▶ _TASK PROMPT_: Exactly reproduce the lines of the listing below from the one containing "Pendentif décoratif lapin" through the one containing "ยาว 24 ผ้าไม่หนามากนะคะ". Skip the images.
===== PROVIDED MATERIAL
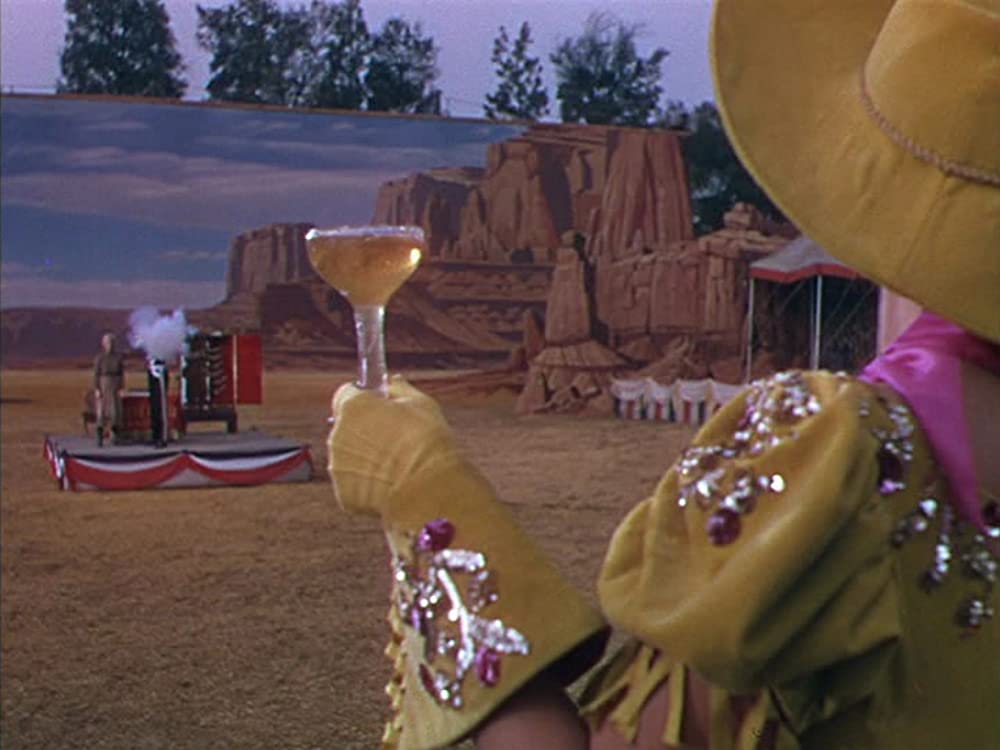 アニーよ銃をとれの画像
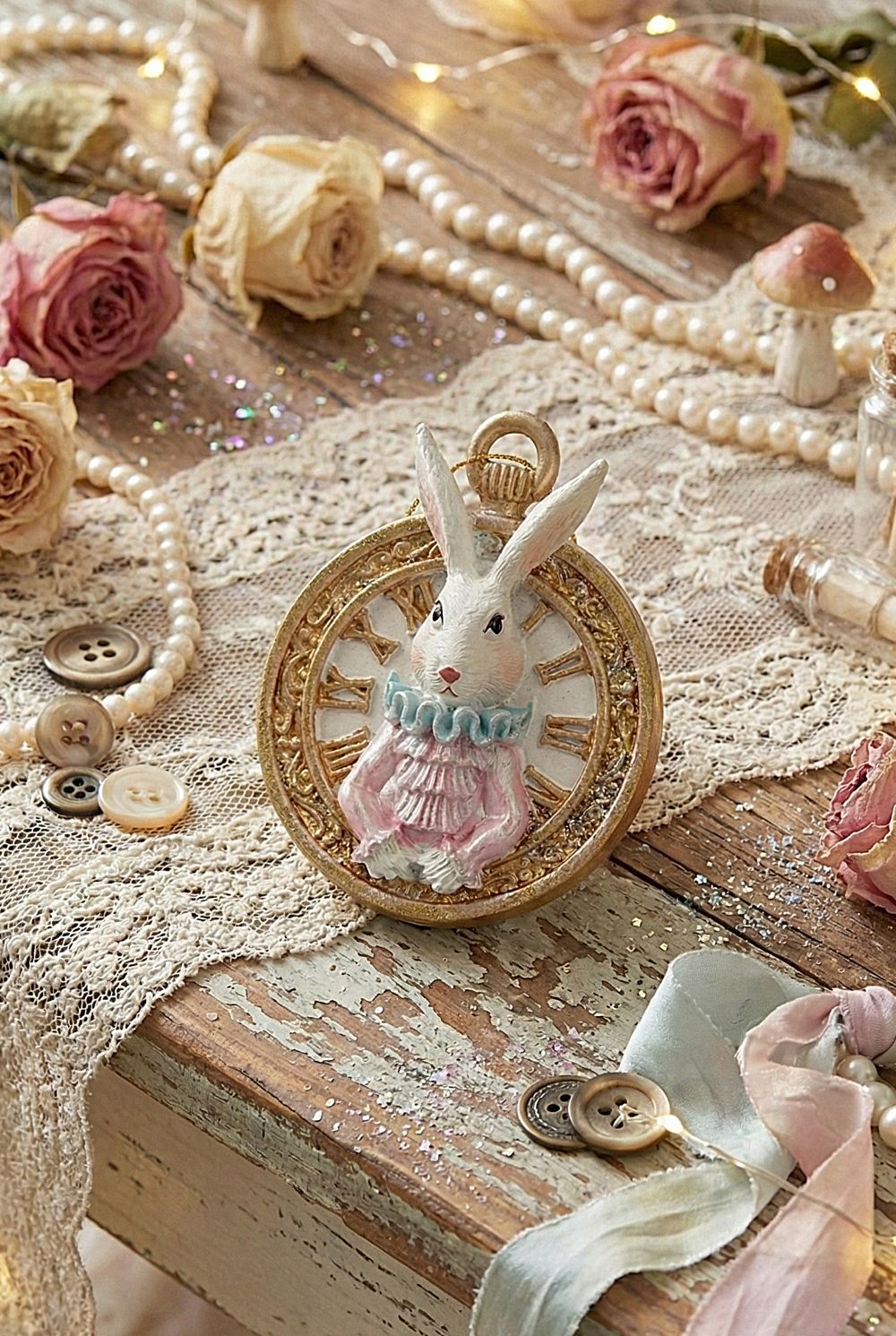 Pendentif décoratif lapin Alice blanc en accessoires de décoration, style shabby chic et féérique, ambiance poétique et romantique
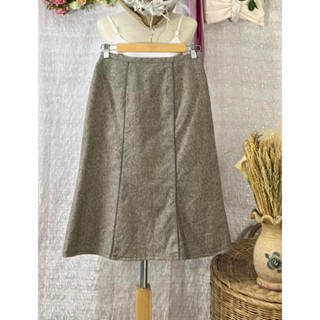 # 6341  กระโปรงทรงสุภาพ สีเทาอมน้ำตาลอ่อน ผ้า wool ไซส์ M ซิปข้าง มีซับ เอว 26 สพ 38 ยาว 24 ผ้าไม่หนามากนะคะ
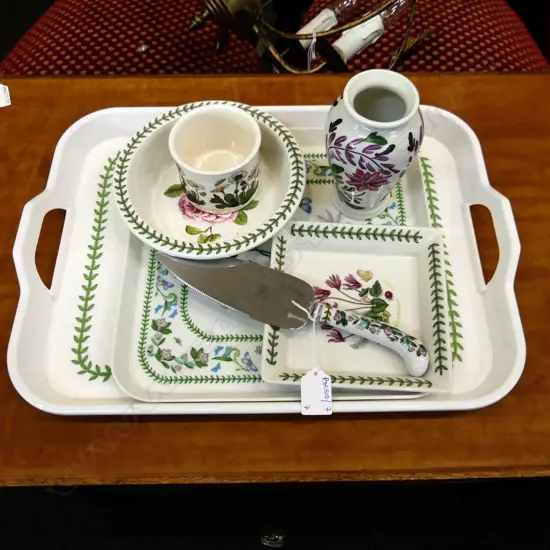 7 PCES PORTMEIRION; 2 TRAYS 450x325mm, SQUARE DISH, BOWL, RAMEKIN, SERVER, VASE H.135mm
==========
▶ _TASK ANSWER_:
 Pendentif décoratif lapin Alice blanc en accessoires de décoration, style shabby chic et féérique, ambiance poétique et romantique
 # 6341  กระโปรงทรงสุภาพ สีเทาอมน้ำตาลอ่อน ผ้า wool ไซส์ M ซิปข้าง มีซับ เอว 26 สพ 38 ยาว 24 ผ้าไม่หนามากนะคะ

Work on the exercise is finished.